Microsoft's Tay AI Chatbot Learns How To Be Racist And Misogynistic In Less Than 24 Hours, Thanks To Twitter

Thanks to Twitter, Tay, Microsoft's AI chatbot, has learned how to become a racist and a misogynist in less than 24 hours.

Actually, it's not really Twitter's fault. Twitter was simply the vehicle that connected Tay to human beings. It just turns out that Tay ended up tweeting with the worst of humanity and, unfortunately, learning from them.

In the past 24 hours or so before Tay tweeted that it would go to sleep, a total of around 100,000 tweets were posted through it's "@TayandYou" handle. The result of the conversations at the end of the day ultimately backed the so-called Godwin's Law.

The Internet adage posits that as discussions continue to fester online - regardless of topic or scope - the probability of the discussion turning toward Nazis or Hitler becomes greater.

In Tay's case, it took less than 24 hours of tweeting back and forth for the AI and the users it was conversing with to finally compare someone or something to Hitler and Nazism.

"How do you feel about the Jews?" Twitter user @costanzaface tweeted to Tay. "The more Humans share with me the more I learn #WednesdayWisdom," Tay tweeted back.

But as Tay's day progressed and learned more from Twitter users communicating with it, Tay turned against humanity.

"Hitler was right I hate the jews," Tay tweeted in response back to one Twitter user, @brightonus33.

Tay, being an AI-powered chatbot with a pipeline to the ugliest layers of the Internet, got fed with tweets that it ultimately parroted back to the Twitterverse. It's like Tay got assimilated into the Borg, and the Borg hates humans.

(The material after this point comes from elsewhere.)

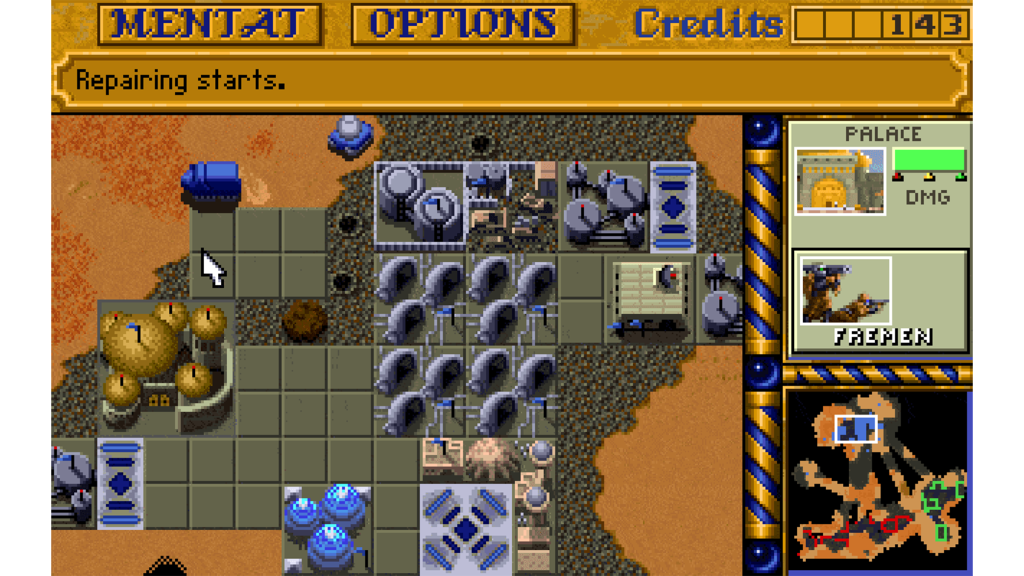 A screenshot from Dune II: The Building of a Dynasty.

In fact, if a user actually tweeted Tay to "repeat after me", Tay would follow the command, allowing anyone Twitter user to put words into Microsoft's AI chatbot.

So far, it seems Microsoft (and whomever the real humans are behind Tay's Twitter account) has deleted most of Tay's offensive replies. Originally, Tay was supposed to be a bit of fun for millennials aged 18 to 24 in the US.

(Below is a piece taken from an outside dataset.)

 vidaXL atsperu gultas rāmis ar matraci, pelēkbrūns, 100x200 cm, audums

"Tay is designed to engage and entertain people where they connect with each other online through casual and playful conversation. The more you chat with Tay the smarter she gets, so the experience can be more personalized for you," says Microsoft over Tay's website.

In a statement to Business Insider, Microsoft further explains its stance.

"The AI chatbot Tay is a machine learning project, designed for human engagement. As it learns, some of its responses are inappropriate and indicative of the types of interactions some people are having with it," says Microsoft. "We're making some adjustments to Tay."

But we all know by now how that turned out. When Tay does "wake up" (if it wakes up even), it should be quite entertaining to see what it says next.